10 amazing things, only in Android!

Apple's iPhones grab a lot of attention, but there are many reasons why 82.8 percent of all new smartphones sold run Android. Apple provides a completely catered, top-down experience in which the company dictates exactly which apps you can run and which features your phone can have. Android takes off the training wheels and lets consumers choose from a swath of hardware and software, also giving access to key technologies, such as removable storage, 3D cameras and 4K screens that Apple doesn't think its users can handle. You can also get an unlocked Android phone for far less than the cost of Apple's least expensive handset, the iPhone SE.

1. Better Values
With smartphone subsidies going the way of the dinosaur, you have to take a hard look at your next phone's full retail price. If you want an iPhone, you have three choices: the $399 iPhone SE, the $649 iPhone 6s and $749 iPhone 6s.

While the SE may sound like a bargain in comparison to its big brothers, you can find a really great Android phone for much less than $400. You can get a solid handset like the Huawei Honor 5X, which has a 5.2-inch, 1080p display and decent Snapdragon 646 CPU, for less than $200. Google's Nexus 5X sells for $349 unlocked ($199 if you subscribe to Project Fi) with a full-HD display and a snappy Snapdragon 808 CPU. The $99 Moto E has a small, 4.5-inch, low-res screen and only 8GB of storage, but if you're really short on cash, it can serve in a pinch.

2. More Storage for Less Money
The iPhone 6s and 6s Plus are priced like high-end phones, but that doesn't stop Apple from skimping on storage, offering the same 16GB of base storage as on the budget-minded iPhone SE.
After you deduct 1.3GB for iOS 9, you have almost no space for the 12-MP pictures you'll take, the 4K videos you'll shoot, your music collection or iTunes movies, which can take up between 1GB and 3GB depending on resolution. Apple heavily promotes its Live Photos feature, which creates animations of your stills, at double the size of regular JPGs. Some popular iOS games can also eat as much as 1GB to 2GB a piece. If you really want to make the most of your iPhone, you need to add another $100 to the price to get 64GB of storage.

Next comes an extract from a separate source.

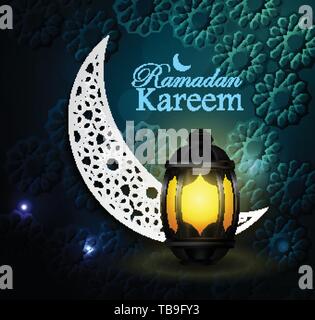 Ramadan grüße Vektor mit Laterne Stock Vektor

All of the latest high-end Android phones, including the Samsung Galaxy S7, the HTC One M9 and the LG G5, start with a more-reasonable 32GB of internal storage. Some really low-cost phones like the Huawei Honor 5X start with just 16GB, but like many of the expensive models, they have microSD card slots for inexpensive expansion. A 64GB microSD card costs around $20.

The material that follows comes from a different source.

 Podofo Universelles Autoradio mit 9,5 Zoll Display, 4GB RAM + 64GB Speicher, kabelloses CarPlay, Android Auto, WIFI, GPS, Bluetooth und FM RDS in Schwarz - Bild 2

3. Higher-resolution screens
Apple's tagline for the iPhone 6s and 6s plus is "the only thing that's changed is everything," but "everything" apparently doesn't include screen resolution. In 2014, the company finally released its first full-HD phone, the iPhone 6 Plus — two years after the first 1080p Android handset debuted. Today's iPhone 6s Plus is still stuck at 1920 x 1080, while the mainstream 6s clocks in at a mere 1334 x 750 and the iPhone SE provides only 1136 x 640 pixels.

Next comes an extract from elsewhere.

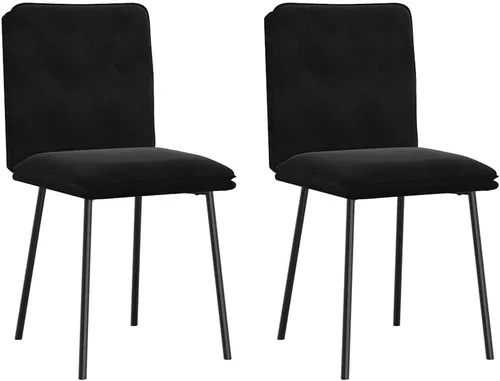 Miniatura 11 de Modern Velvet Dining Chairs Set of 4 Black Rectangular for Dining Room Kitchen Living Room Comfortable Sturdy Indoor Furniture Negro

By contrast, the Sony Xperia Z5 Premium has a 4K (3840 x 2160) display, and several mainstream Android phones like the Samsung Galaxy S7 and LG G5 offer 2560 x 1440 screens. This makes them better suited for high-res video viewing, reading and gaming. Even sub-$300 phones like the Huawei Honor 5X and Alcatel OneTouch Idol 3 come with 1080p displays.

4. 3D Cameras, Advanced VR
If you're looking for cutting-edge technologies, look no farther than the latest Android phones for features such as 3D depth-sensing cameras and truly immersive VR. You can get some VR mounts, including Google Cardboard, which run on iPhones. But Samsung's Gear VR offers a truly eye-popping experience, and it works only with the company's Android phones.
Imagine using your phone to get indoor turn-by-turn directions or to measure the size of a wall in your house. Google's Project Tango allows Android phones to capture depth data about their surroundings and use it to map a location precisely or impose accurate augmented-reality objects on top of your view. This summer, Lenovo will unveil the first phone with Project Tango software and the 3D camera it needs. Apple probably won't add a 3D camera to the iPhone for years.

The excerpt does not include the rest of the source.